Stored entries

********

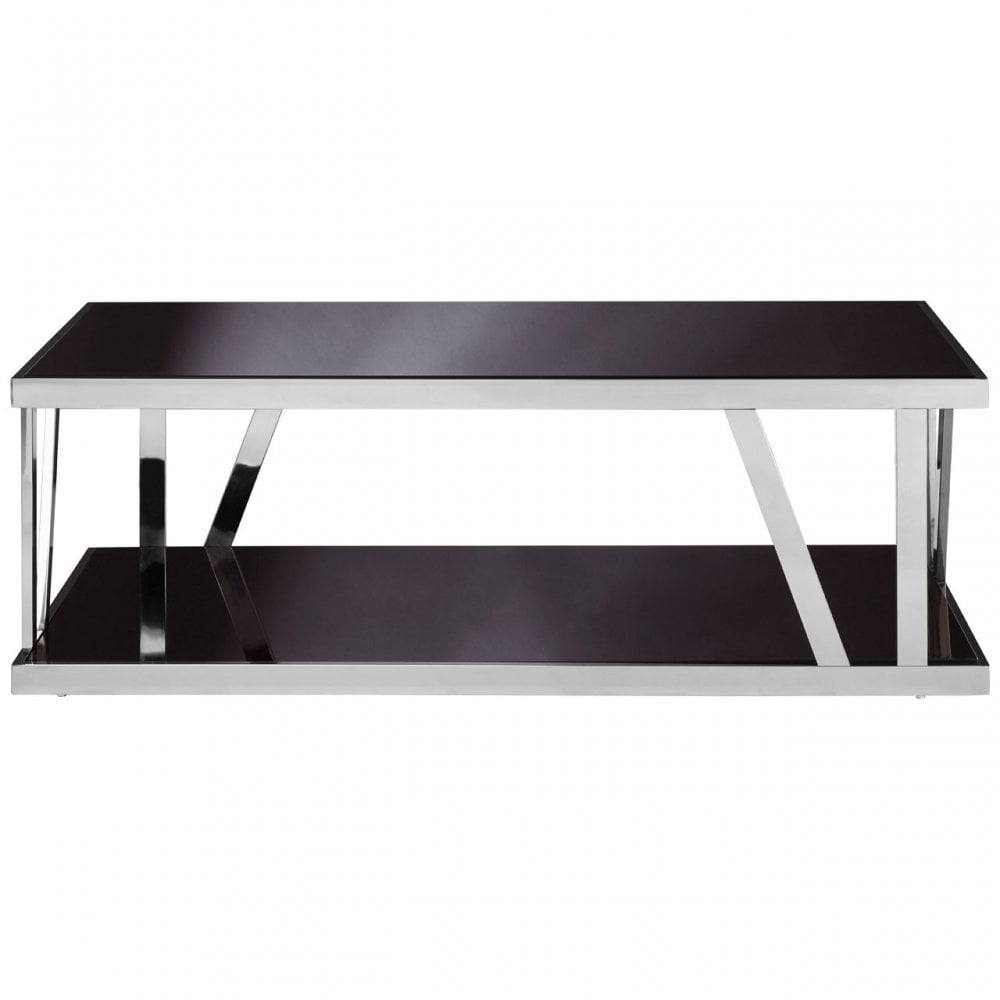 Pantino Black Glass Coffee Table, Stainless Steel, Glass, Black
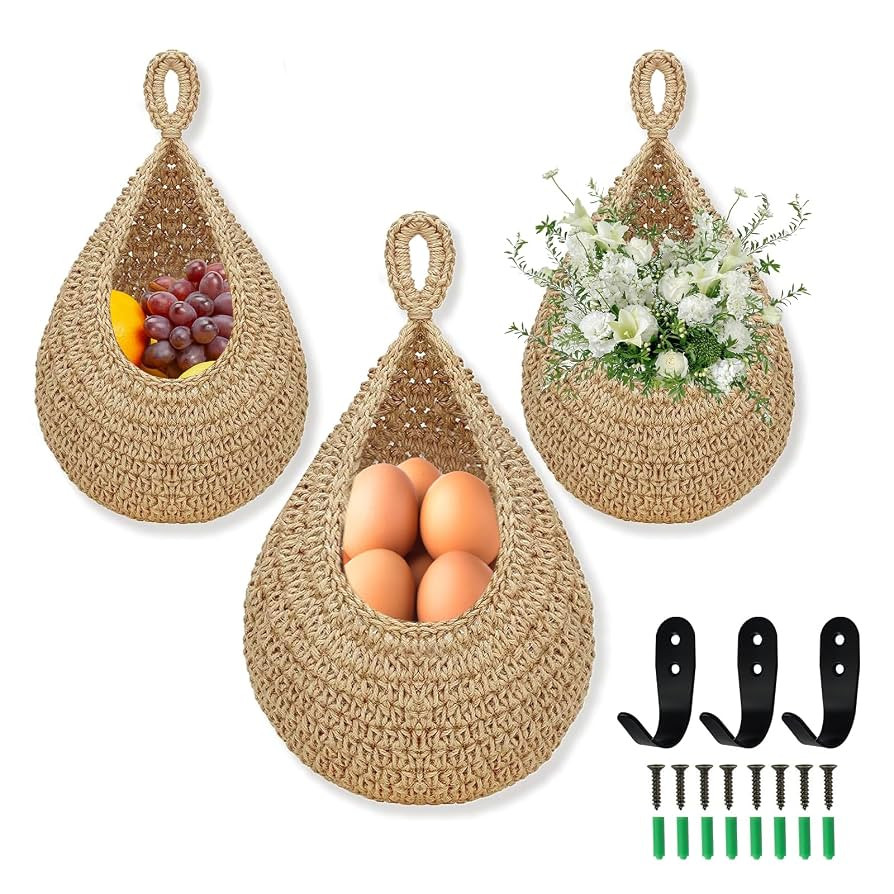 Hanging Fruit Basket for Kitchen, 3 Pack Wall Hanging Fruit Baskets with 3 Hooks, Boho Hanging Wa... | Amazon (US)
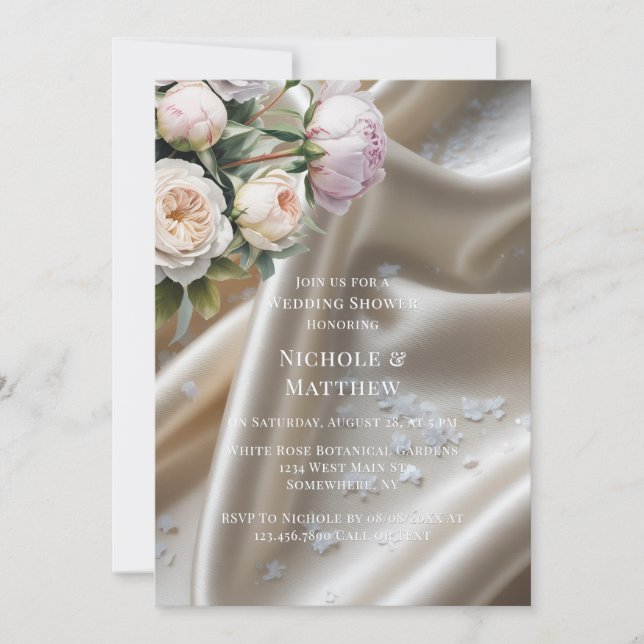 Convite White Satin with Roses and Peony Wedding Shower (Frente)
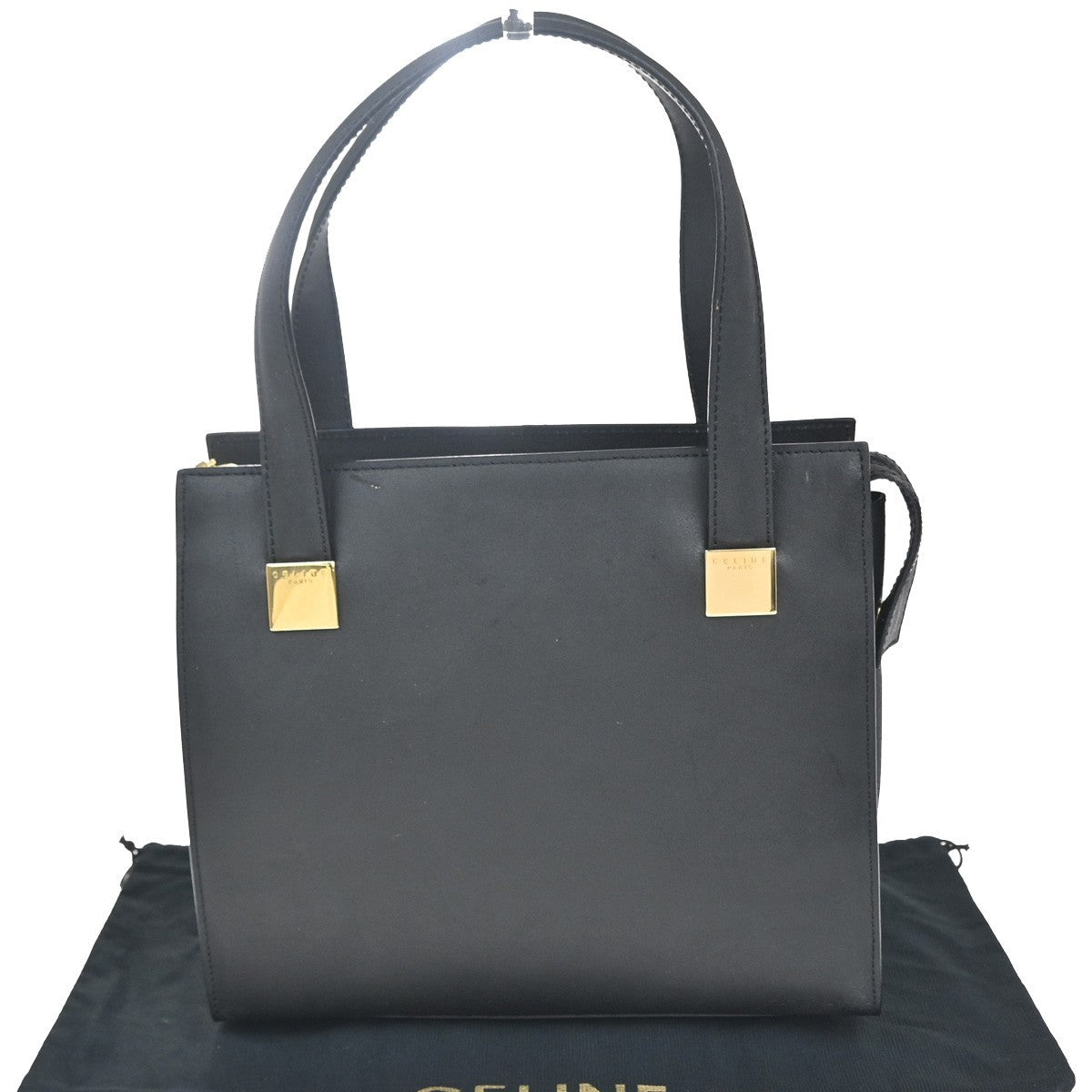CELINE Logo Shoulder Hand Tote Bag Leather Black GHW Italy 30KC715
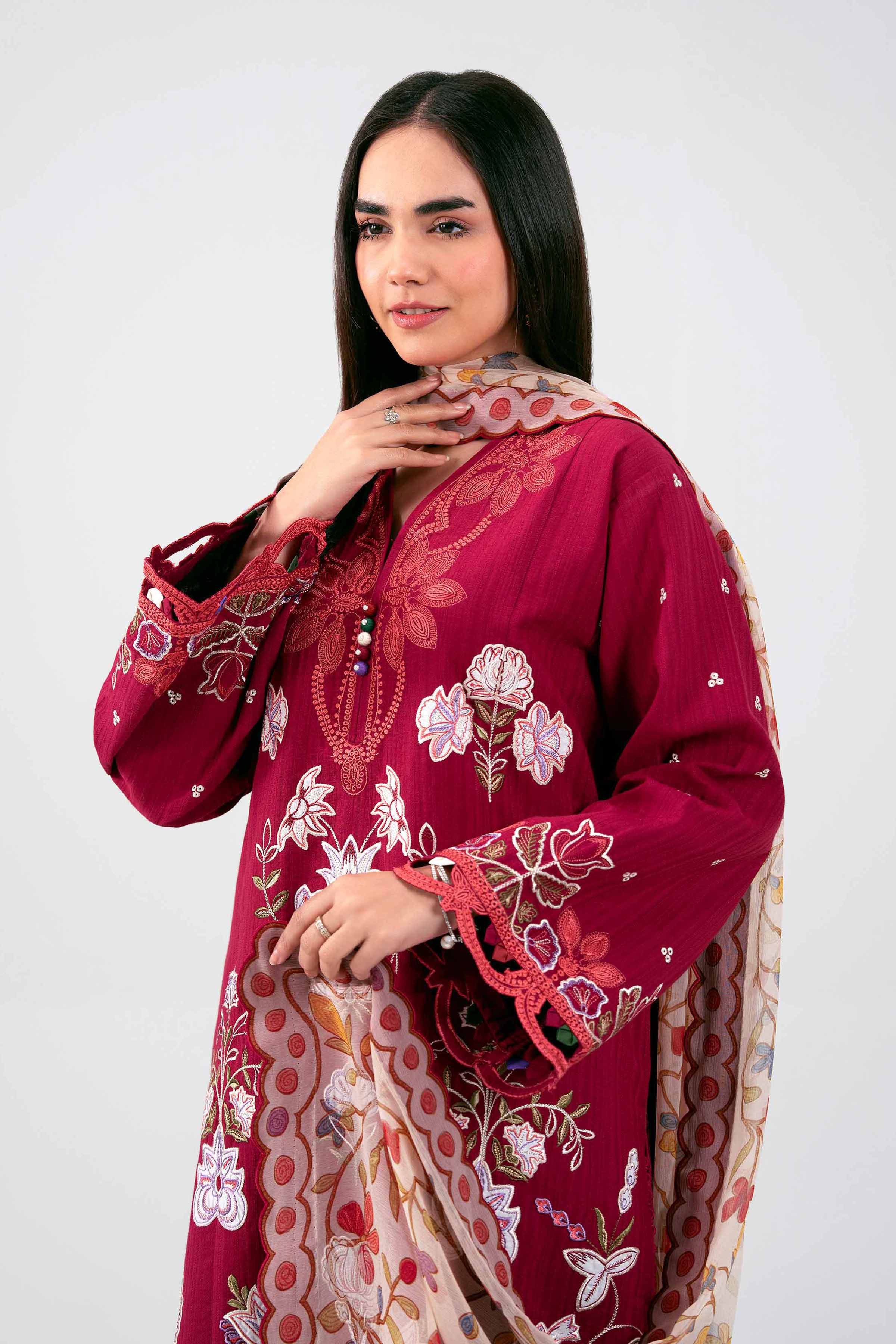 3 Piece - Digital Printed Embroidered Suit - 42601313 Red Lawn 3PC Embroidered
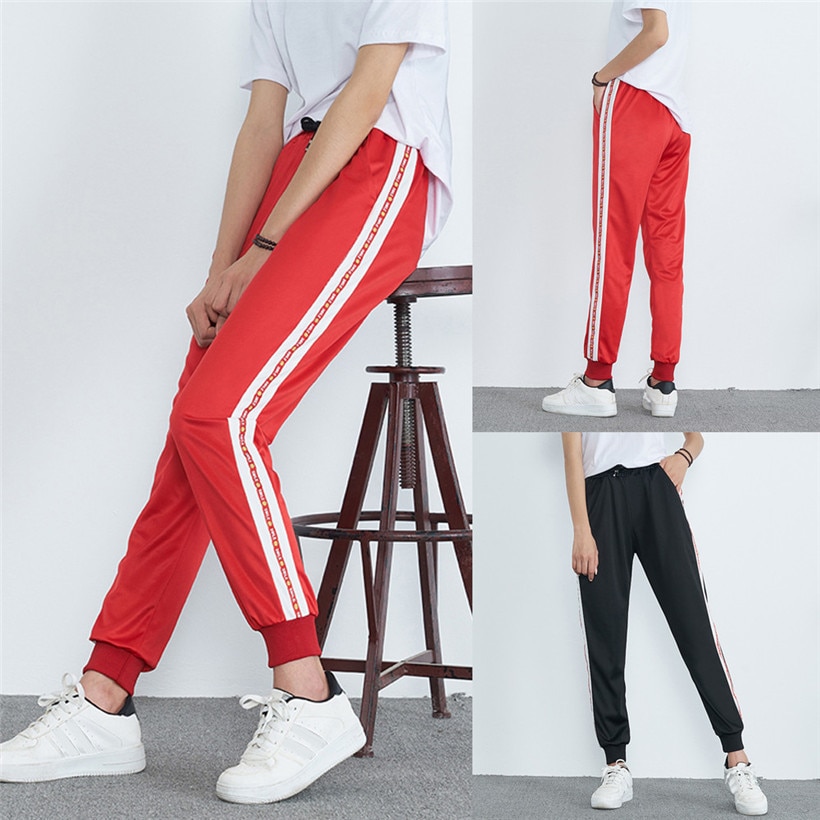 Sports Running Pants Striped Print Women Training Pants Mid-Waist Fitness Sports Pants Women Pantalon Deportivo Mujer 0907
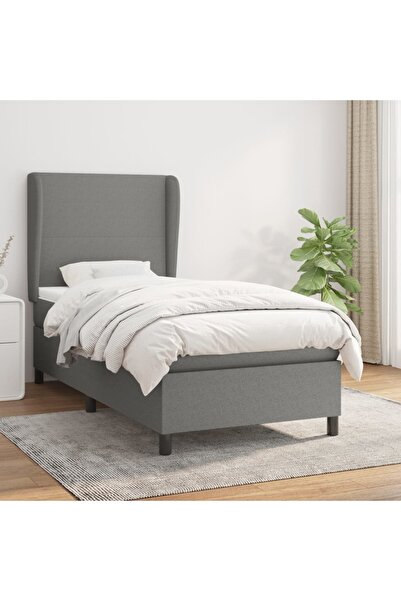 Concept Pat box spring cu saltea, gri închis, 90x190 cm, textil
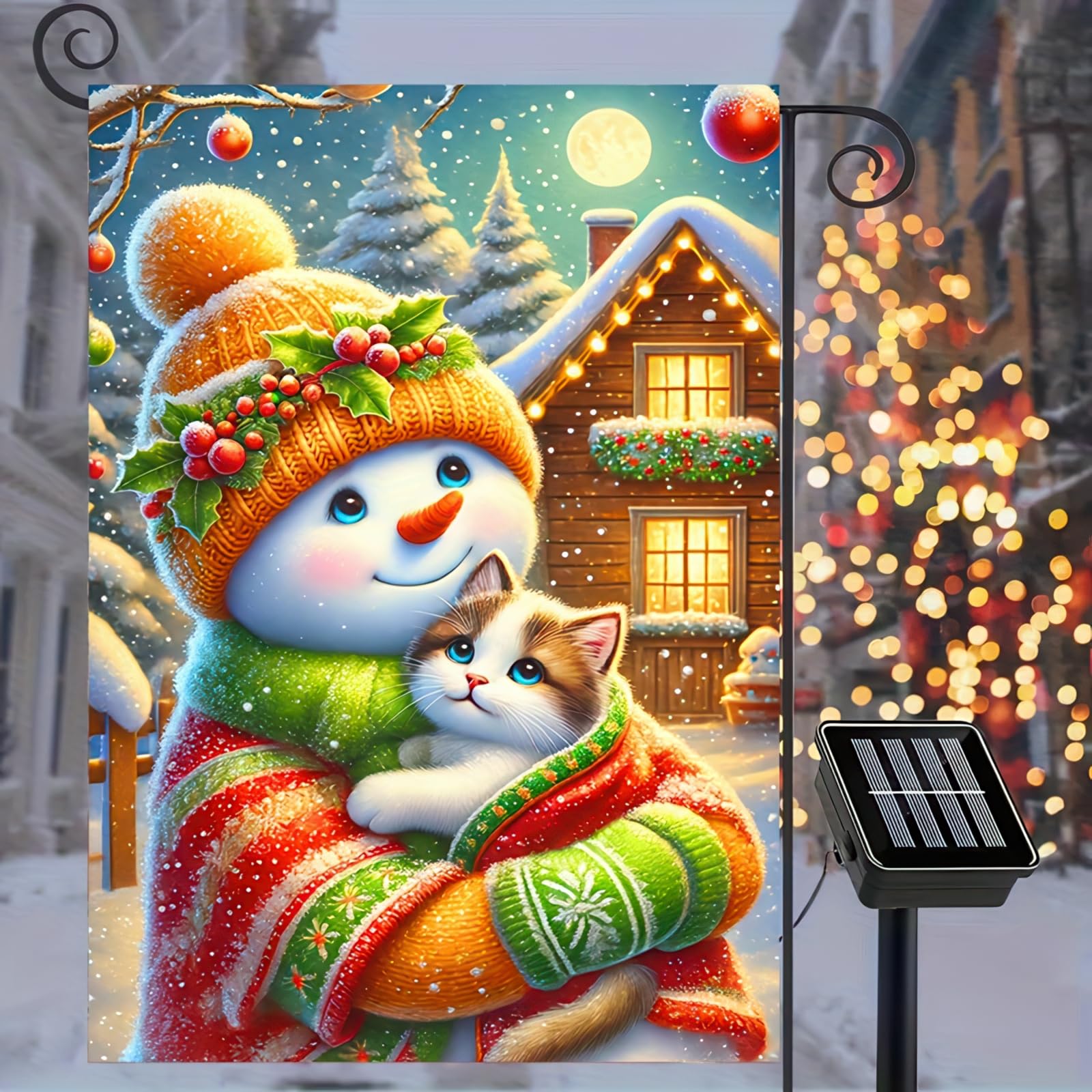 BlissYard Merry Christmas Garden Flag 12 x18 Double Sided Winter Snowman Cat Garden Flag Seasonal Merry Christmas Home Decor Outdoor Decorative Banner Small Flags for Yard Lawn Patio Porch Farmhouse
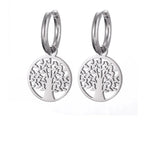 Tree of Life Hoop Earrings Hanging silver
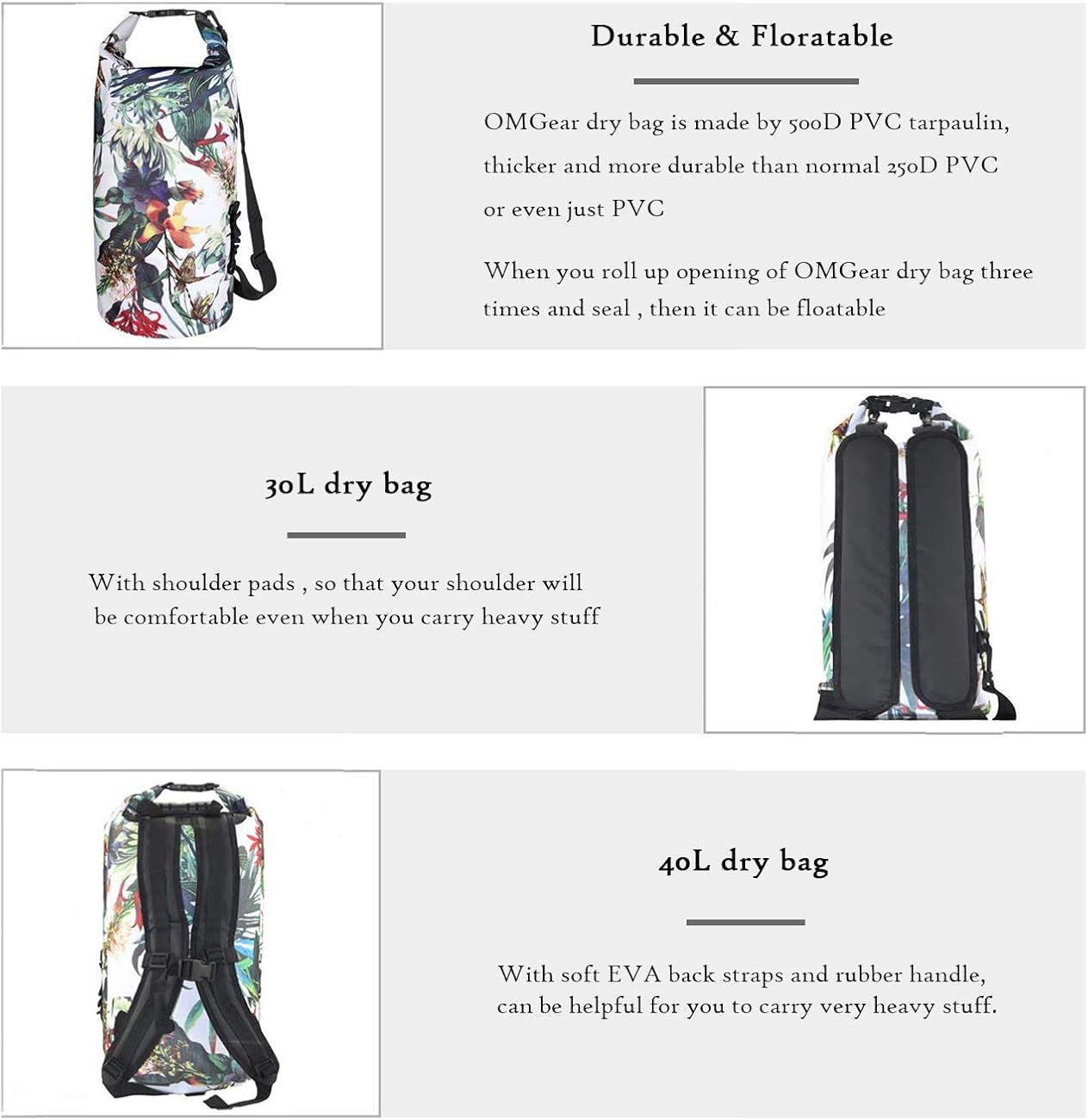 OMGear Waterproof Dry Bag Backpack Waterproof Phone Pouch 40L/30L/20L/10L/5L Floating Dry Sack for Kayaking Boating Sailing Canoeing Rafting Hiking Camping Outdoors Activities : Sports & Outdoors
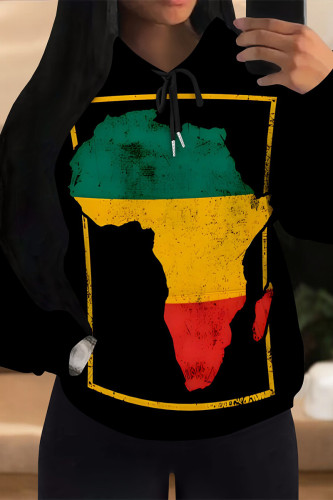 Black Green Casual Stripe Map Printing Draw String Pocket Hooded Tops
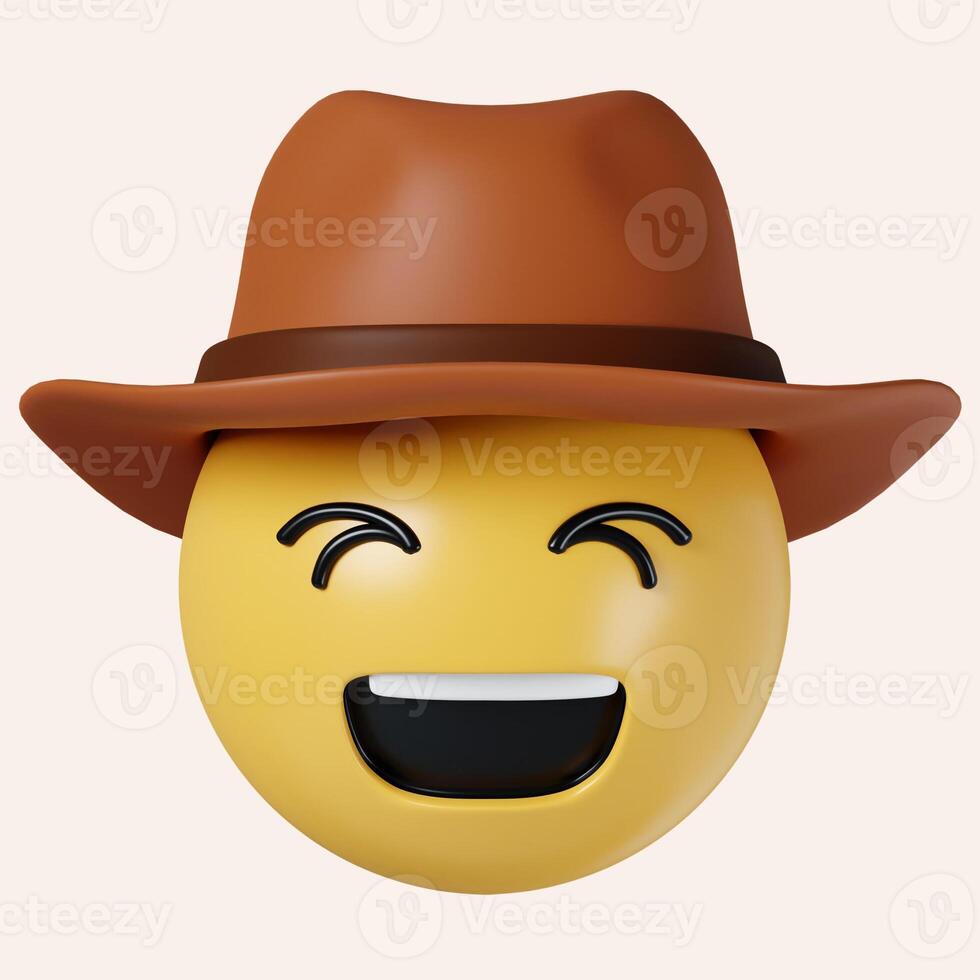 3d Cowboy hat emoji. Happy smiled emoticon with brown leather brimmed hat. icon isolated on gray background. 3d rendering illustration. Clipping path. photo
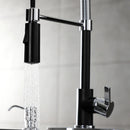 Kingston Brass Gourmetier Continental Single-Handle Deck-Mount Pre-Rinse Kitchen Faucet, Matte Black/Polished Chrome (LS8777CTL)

********

Task to carry out >>
Your task is to copy only the lines above starting at the one containing "Hanging Fruit Basket for" and ending at the one containing "CELINE Logo Shoulder". Copy them exactly, both ends included, and omit the pictures.

Response for this exercise >>
 Hanging Fruit Basket for Kitchen, 3 Pack Wall Hanging Fruit Baskets with 3 Hooks, Boho Hanging Wa... | Amazon (US)
 Convite White Satin with Roses and Peony Wedding Shower (Frente)
CELINE Logo Shoulder Hand Tote Bag Leather Black GHW Italy 30KC715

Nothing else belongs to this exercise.